While the media in many parts of the world focused on the tragedy for some time, it received little publicity in the United States. The Washington Post, for example, never gave it higher priority than page 20, and coverage of the tragedy soon disappeared altogether. In such disasters, a list of agencies is made available to the press, showing those working in the area and collecting funds. Few newspapers publicized this list.

Even in our Baptist media, the disaster seemed to raise little concern. The two major Baptist news organizations did not cover it, and few state papers even mentioned it, let alone publicized our Baptist response.

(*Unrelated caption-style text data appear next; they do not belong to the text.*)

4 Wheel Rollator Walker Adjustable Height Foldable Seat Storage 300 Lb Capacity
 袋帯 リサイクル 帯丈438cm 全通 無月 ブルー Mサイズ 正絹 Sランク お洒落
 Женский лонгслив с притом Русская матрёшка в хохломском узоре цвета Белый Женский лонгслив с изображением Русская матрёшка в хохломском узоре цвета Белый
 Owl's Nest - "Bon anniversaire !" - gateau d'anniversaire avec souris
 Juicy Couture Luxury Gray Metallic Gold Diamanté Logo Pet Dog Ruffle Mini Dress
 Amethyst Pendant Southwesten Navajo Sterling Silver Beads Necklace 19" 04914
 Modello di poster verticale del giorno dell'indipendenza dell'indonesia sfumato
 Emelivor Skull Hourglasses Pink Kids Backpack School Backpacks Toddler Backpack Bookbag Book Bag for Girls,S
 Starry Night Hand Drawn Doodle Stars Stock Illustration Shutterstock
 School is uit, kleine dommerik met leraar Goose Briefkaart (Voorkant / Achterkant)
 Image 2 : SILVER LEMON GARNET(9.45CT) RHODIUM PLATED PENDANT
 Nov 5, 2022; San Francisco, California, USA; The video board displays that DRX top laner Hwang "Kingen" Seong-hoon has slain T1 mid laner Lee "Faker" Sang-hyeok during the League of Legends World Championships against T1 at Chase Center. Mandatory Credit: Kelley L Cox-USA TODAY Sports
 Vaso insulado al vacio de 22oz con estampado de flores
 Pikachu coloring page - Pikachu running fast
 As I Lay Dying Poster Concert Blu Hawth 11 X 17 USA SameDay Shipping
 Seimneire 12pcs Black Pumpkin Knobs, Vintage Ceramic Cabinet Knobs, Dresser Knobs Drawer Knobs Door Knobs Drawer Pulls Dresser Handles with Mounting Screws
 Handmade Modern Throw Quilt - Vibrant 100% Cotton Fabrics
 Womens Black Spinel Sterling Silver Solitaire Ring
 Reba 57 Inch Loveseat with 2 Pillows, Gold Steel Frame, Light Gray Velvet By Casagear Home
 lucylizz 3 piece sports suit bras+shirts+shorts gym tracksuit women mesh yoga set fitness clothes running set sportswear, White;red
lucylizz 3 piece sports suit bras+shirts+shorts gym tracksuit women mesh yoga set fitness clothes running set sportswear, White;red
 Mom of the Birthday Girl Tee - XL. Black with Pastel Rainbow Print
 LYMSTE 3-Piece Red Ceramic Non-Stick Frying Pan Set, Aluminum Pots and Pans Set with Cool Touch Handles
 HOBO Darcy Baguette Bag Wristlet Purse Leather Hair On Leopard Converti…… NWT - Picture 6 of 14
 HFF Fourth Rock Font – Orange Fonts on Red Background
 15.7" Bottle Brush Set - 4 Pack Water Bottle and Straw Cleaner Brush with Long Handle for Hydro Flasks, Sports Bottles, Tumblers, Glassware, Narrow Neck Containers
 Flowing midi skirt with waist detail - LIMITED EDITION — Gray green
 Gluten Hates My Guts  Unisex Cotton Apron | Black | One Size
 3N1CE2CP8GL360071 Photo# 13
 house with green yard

Would the priority have been the same if such a disaster had taken place in North America, Europe or even Afghanistan?

Baptist World Aid (BWAid) immediately sent $40,000 to three Baptist groups—two Rwandan and one Congolese—who were feeding and caring for those seeking shelter on Baptist property.

Subsequently, these and other Baptist groups have formed a crisis committee to serve those still suffering. Already, we see the response covering a number of areas.

  • The immediate relief of many thousands will be a joint effort between the major United Nations agencies and international and local organizations.
  • The long-term rehabilitation of 500,000 people will involve building new homes, creating jobs, and self-sufficiency.
  • The rebuilding of the infrastructure of the Baptist Community of Central Africa and other Baptist communities, and the physical rebuilding of many properties is under discussion. This will include the Virunga hospital.

So, how can people help? Visit www.bwanet.org/bwaid and send a donation.

Paul Montacute has been director of Baptist World Aid, the relief and development arm of the Baptist World Alliance, since 1990.

NOTE: My last piece for EthicsDaily.com was published just a few days after the gigantic eruption of Mt. Nyiragongo on the border of the Democratic Republic of Congo (DRC) and Rwanda on Jan. 17. EthicsDaily.com was on the ball, immediately putting Baptist World Aid’s Jan. 18 appeal online.